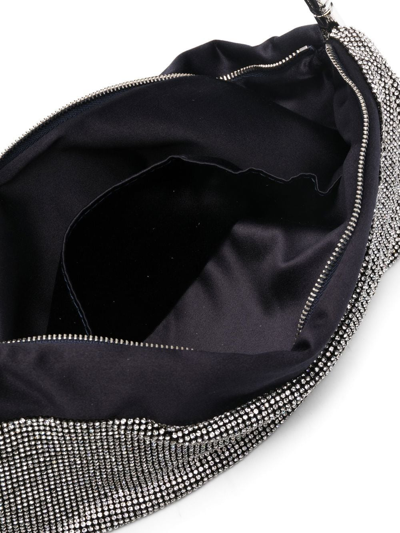 Benedetta Bruzziches Crystal Embellished Tote Bag In Silver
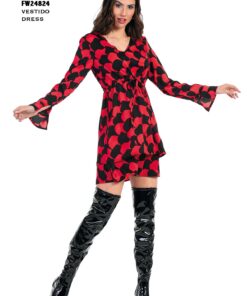 Vestido avenue rojo radiante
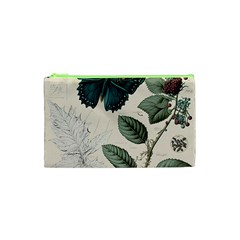 Butterflies Butterfly Botanical Nature Sketch Junk Journal Field Notes Paper Vintage Ephemera Cosmetic Bag (xs)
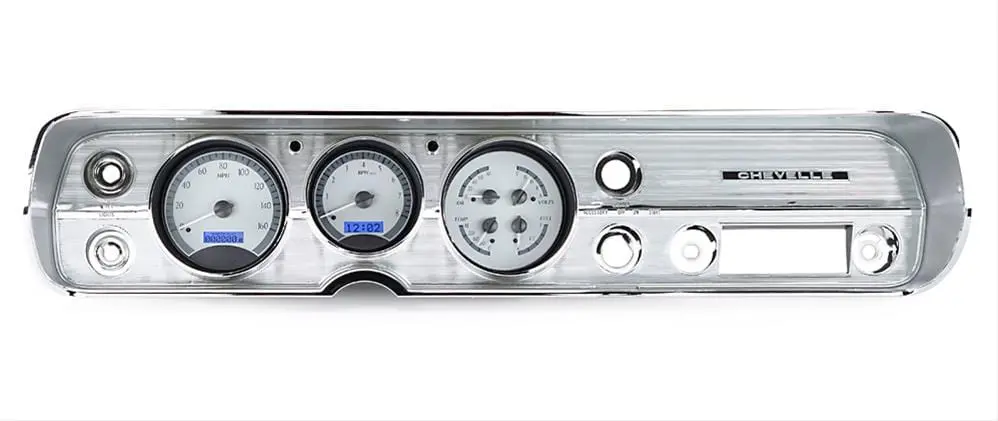 Dakota Digital Vhx-64C-Cvl-S-B Vhx Series Analog Gauge System – Customizable Layout 1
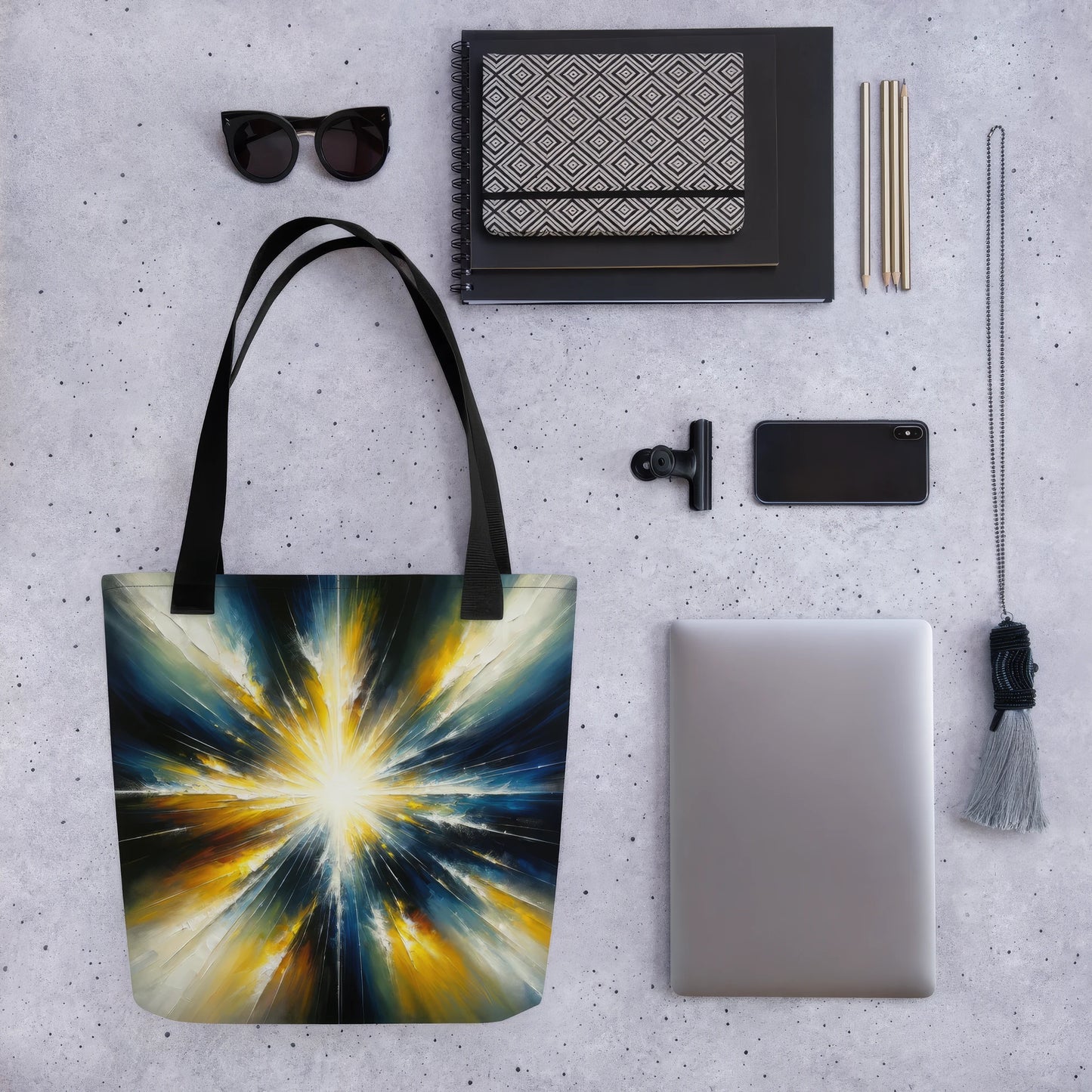 Abstract Art Tote Bag: Enlightening Emanations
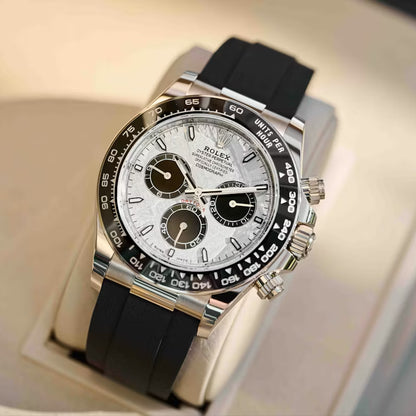 Daytona 40mm Oyster Perpetual White Gold with Meteorite and Black Dial M126519LN-0007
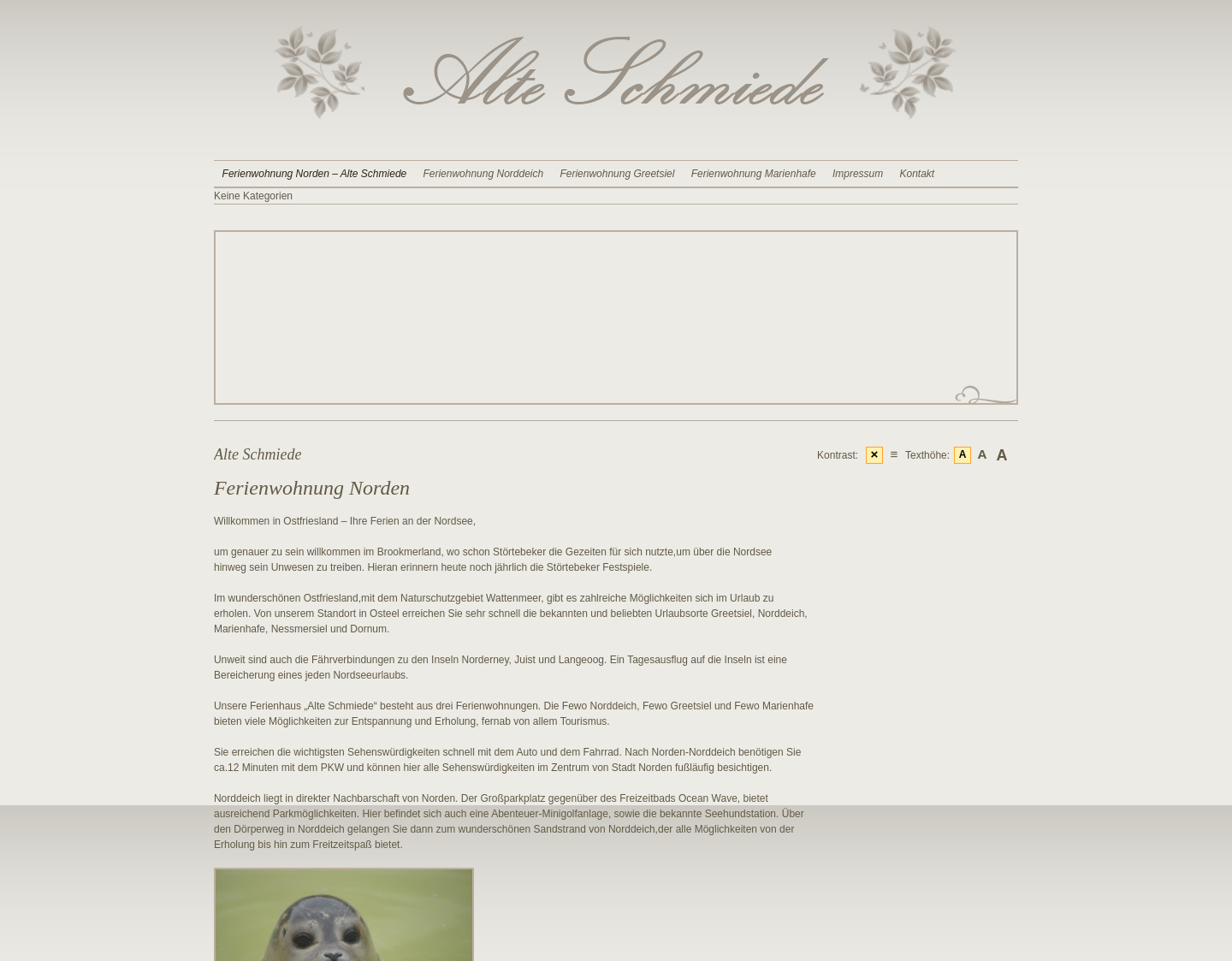 Aktuelle Website-Vorschau von Ferienwohung in Ostfriesland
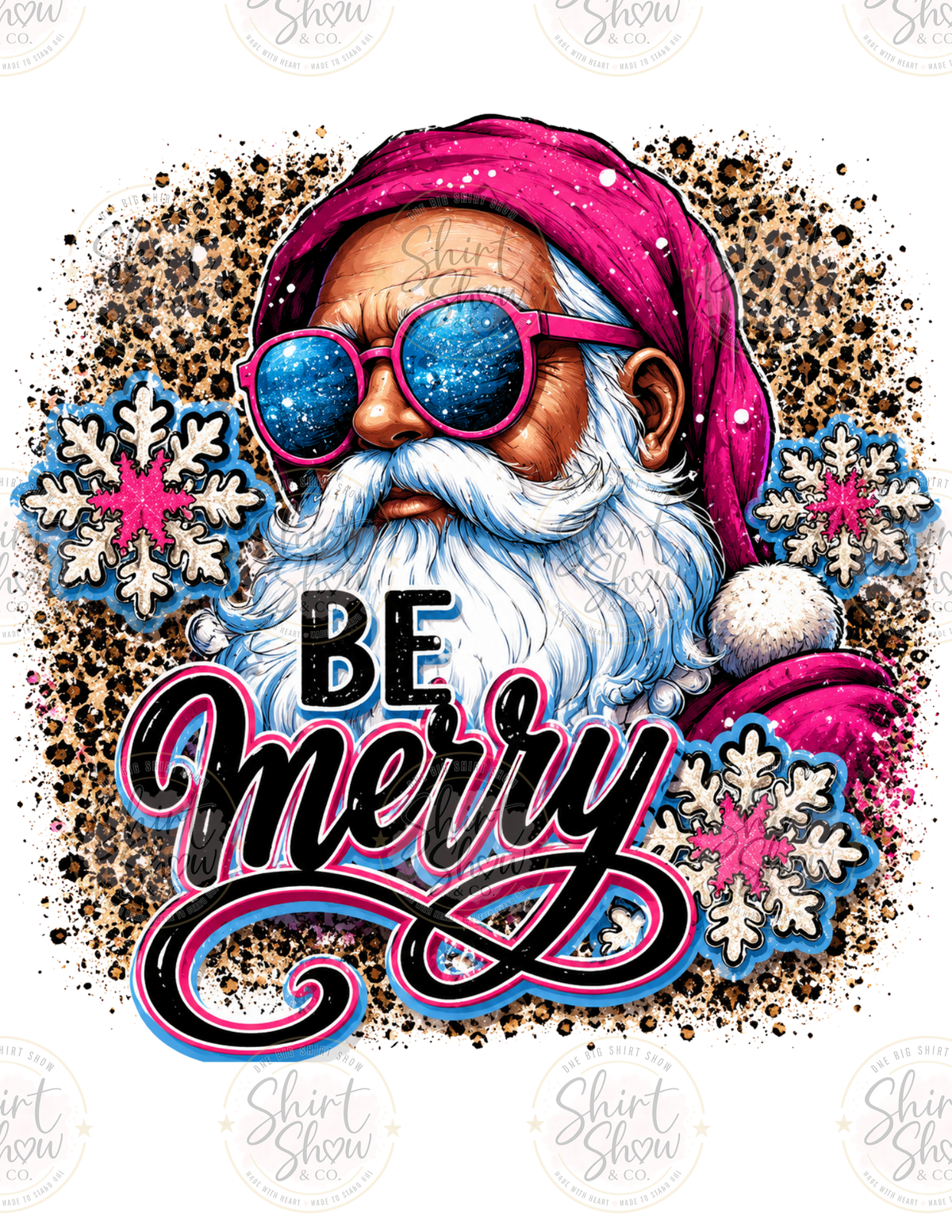 Be Merry Santa digital download preview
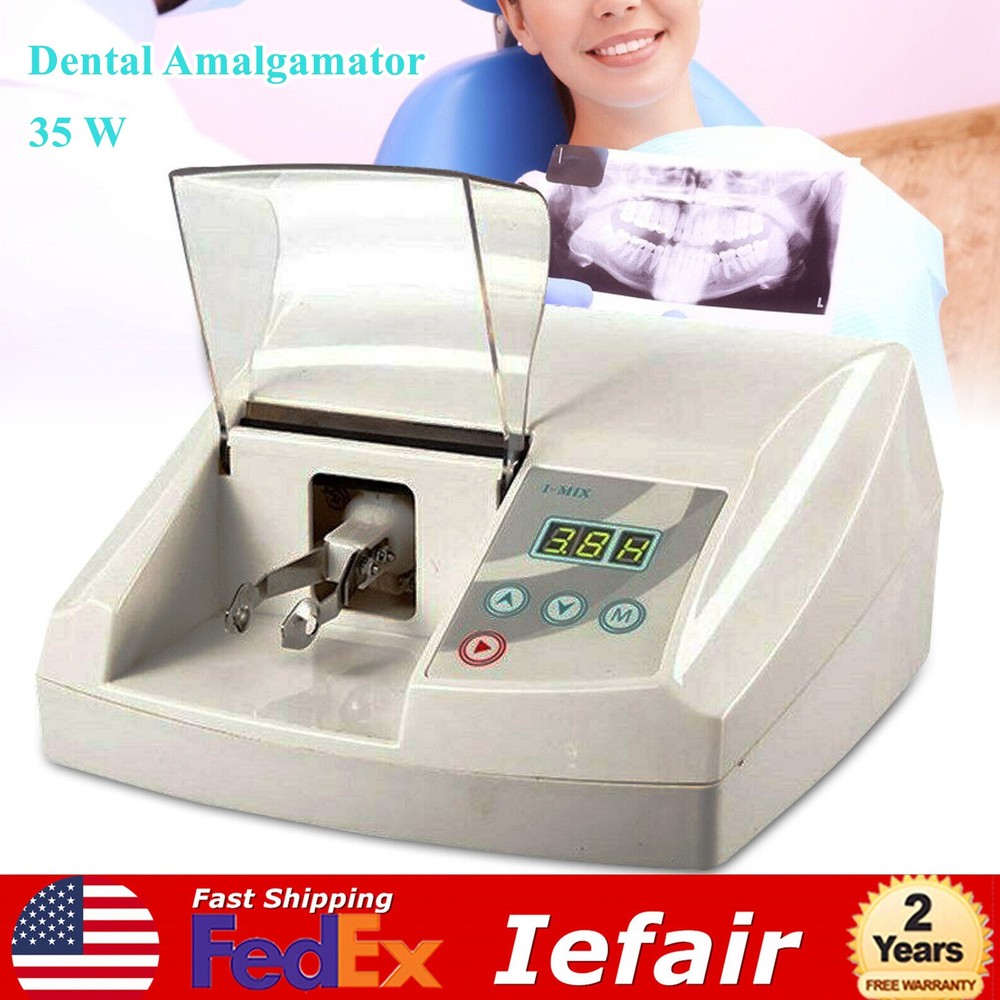 Dental Lab Digital Amalgamator Amalgam Capsule Mixer Triturator Speed Adjustable
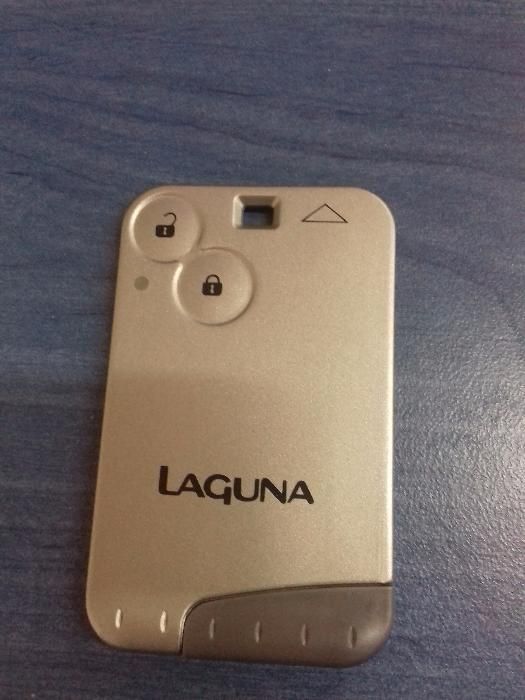 Cartela card Renault Laguna 2 butoane ID46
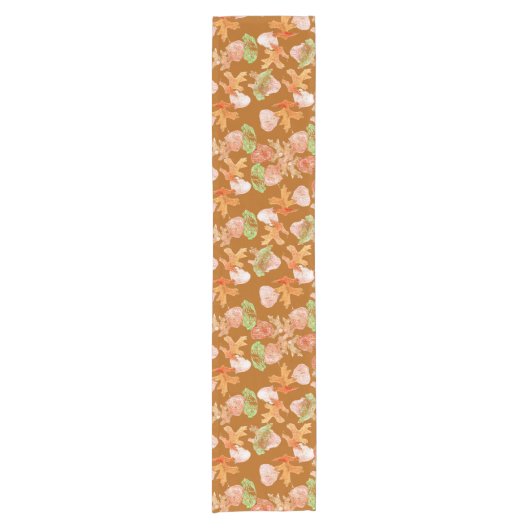 倒れ離れるテーブルランナー ショートテーブルランナー (正面)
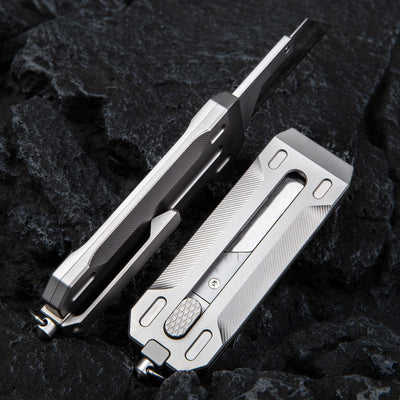 Precision Titanium EDC Utility Knife - Multi-Function Tactical Box & Wire Cutter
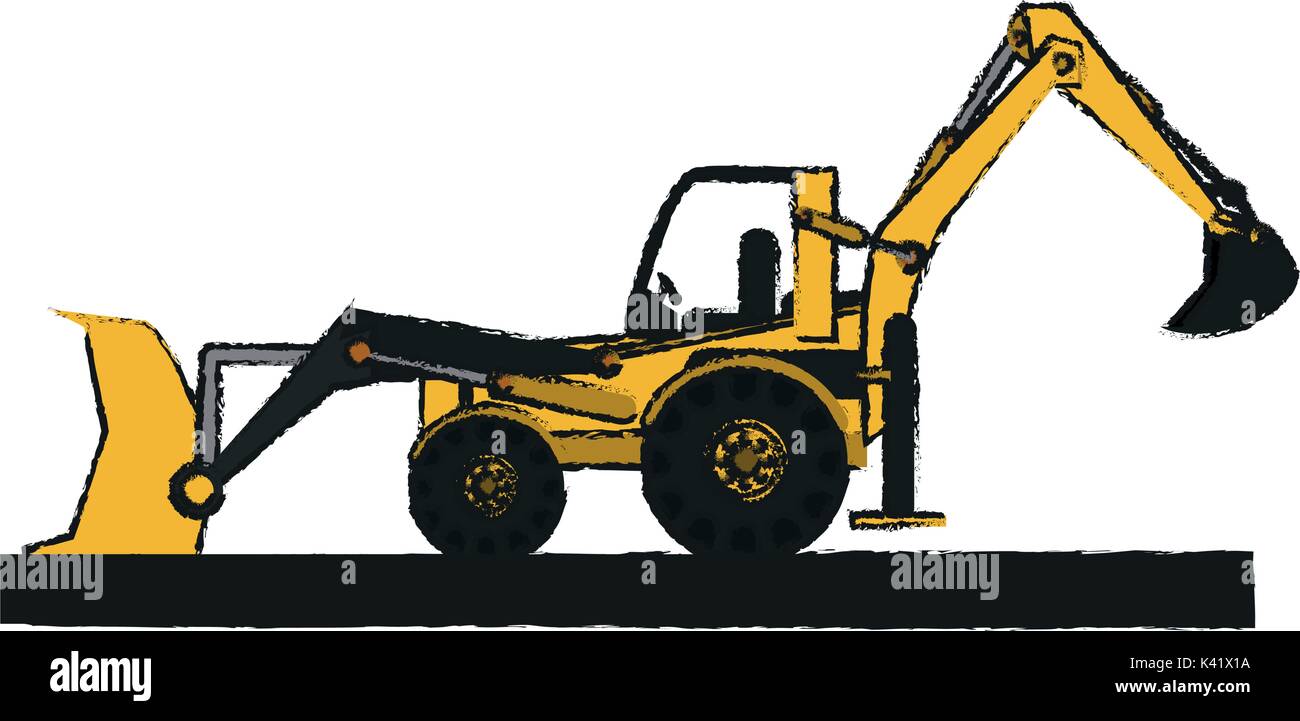 Isolated wheel loader design Stock Vector Image & Art - Alamy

********

### EXERCISE INSTRUCTIONS
A verbatim copy of every record above is required, with all pictures omitted.

### SOLUTION TO THIS EXERCISE
 Benedetta Bruzziches Crystal Embellished Tote Bag In Silver
 Vestido avenue rojo radiante
 Butterflies Butterfly Botanical Nature Sketch Junk Journal Field Notes Paper Vintage Ephemera Cosmetic Bag (xs)
 Dakota Digital Vhx-64C-Cvl-S-B Vhx Series Analog Gauge System – Customizable Layout 1
 Abstract Art Tote Bag: Enlightening Emanations
 Daytona 40mm Oyster Perpetual White Gold with Meteorite and Black Dial M126519LN-0007
 Aktuelle Website-Vorschau von Ferienwohung in Ostfriesland
 Be Merry Santa digital download preview
 Dental Lab Digital Amalgamator Amalgam Capsule Mixer Triturator Speed Adjustable
 Cartela card Renault Laguna 2 butoane ID46
 倒れ離れるテーブルランナー ショートテーブルランナー (正面)
 Precision Titanium EDC Utility Knife - Multi-Function Tactical Box & Wire Cutter
 Isolated wheel loader design Stock Vector Image & Art - Alamy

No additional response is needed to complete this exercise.